The one stipulation that IBM has is that the developers not change the set of instructions that programmers use to write their software. This instruction set is the foundation of the architecture; and ensuring that it remains unchanged will protect the architecture from fragmenting into many incompatible versions. There may come a time when changes to the architecture become inevitable. To deal with that concern, IBM is exploring the establishment of an independent governing board that would oversee the processor's instruction set, make the needed changes, and keep the architecture from fragmenting. At this point, IBM is vague on exactly how such a governing board would work. "We are still working out the details," says IBM's Su.

In the past, IBM licensed the Power architecture to only a few of its best and biggest partners. If other developers wanted access to the technology, they had to go through the company's ASIC design and foundry business. "Power was something we used in our high-end servers and sold to equipment manufacturers, but our priority was never to promote it as an open architecture," explains Su.

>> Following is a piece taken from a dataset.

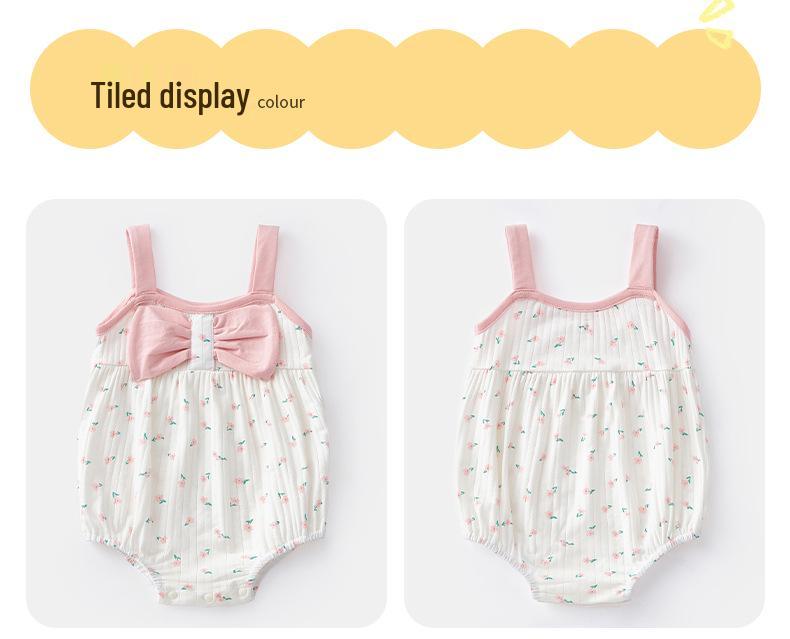 2025 Cute Summer Romper Baby Sling Jumpsuit - Fashion Wrap-around Newborn Girl Bodysuit 3657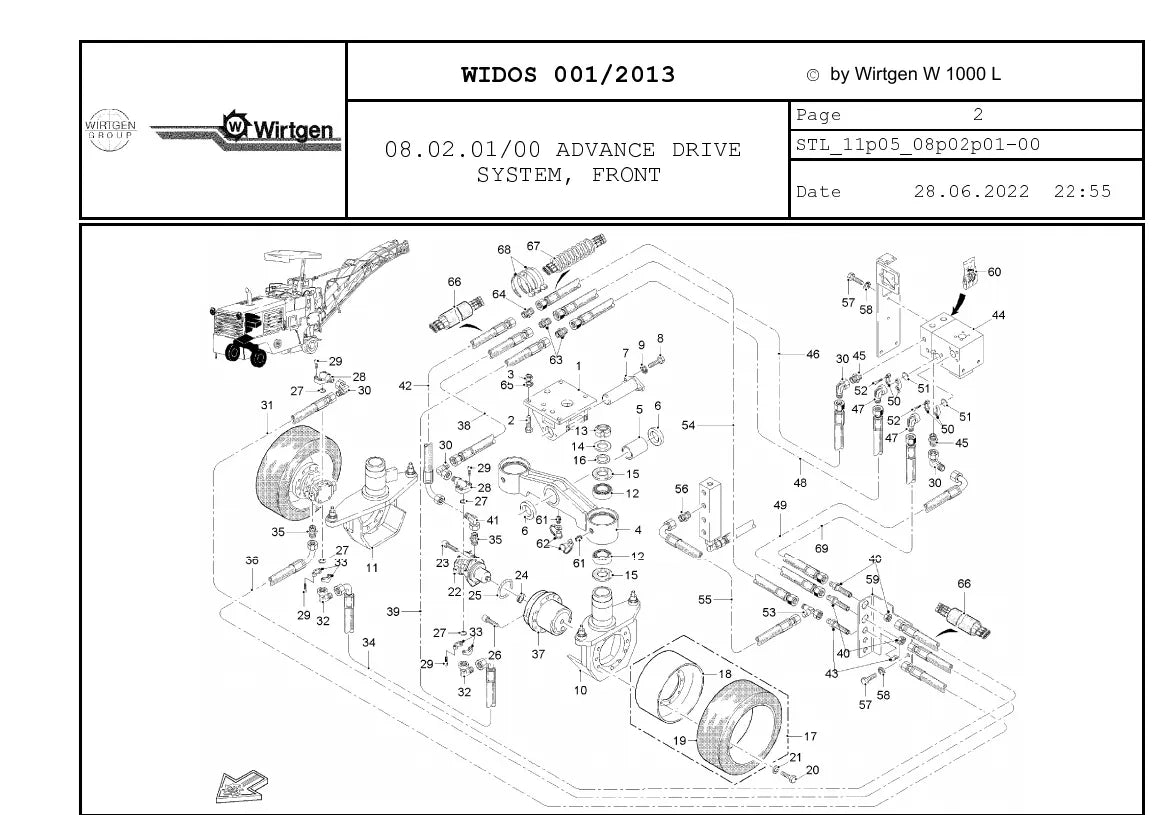Catálogo de Peças WIRTGEN W 1000 L — vista interna 1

But IBM managers, seeing an opportunity, had a change of heart. In addition to the more open licensing policy, IBM has expanded licensees' design and manufacturing alternatives, so users won't have to come to IBM for either the design or manufacture of their Power-based ICs. Two foundries, Chartered Semiconductor Manufacturing Ltd., in Singapore, and Taiwan Semiconductor Manufacturing Company Ltd., in Hsinshu, now have the Power manufacturing technology and the design libraries that will allow them to manufacture Power-based ICs. IBM is also helping suppliers of chip-design software to support Power and has already signed agreements with two leading California design automation companies, Synopsys Inc., in Mountain View, and Cadence Design Systems Inc., in San Jose.

Altruistic as IBM's architecture giveaway may sound, the company could profit from it. Very few of the companies that take up a license and start designing around the architecture, are likely to have their own fabs, notes Rau. So they are going to need to go to a company that can fabricate their design. They could choose to go to Chartered or TSMC. But they may assume that since IBM has the best understanding of the architecture, it can do the best manufacturing job. "They have a lot of Power-related intellectual property they can sell," says Rau, "and they have design services that help their customers integrate the microprocessor cores and the peripheral intellectual property together. So IBM would be competing with the other fabs for the business, but it would have a leg up on them." That might be a needed boost for IBM's chip-making business which lost US $150 million last quarter due in part to yield problems at its East Fish Kills, N.Y., fab.

And the more systems built around Power, the more chance IBM will see some financial benefit. "Think of a digital device and probably IBM has hopes that Power can penetrate it," says Rau.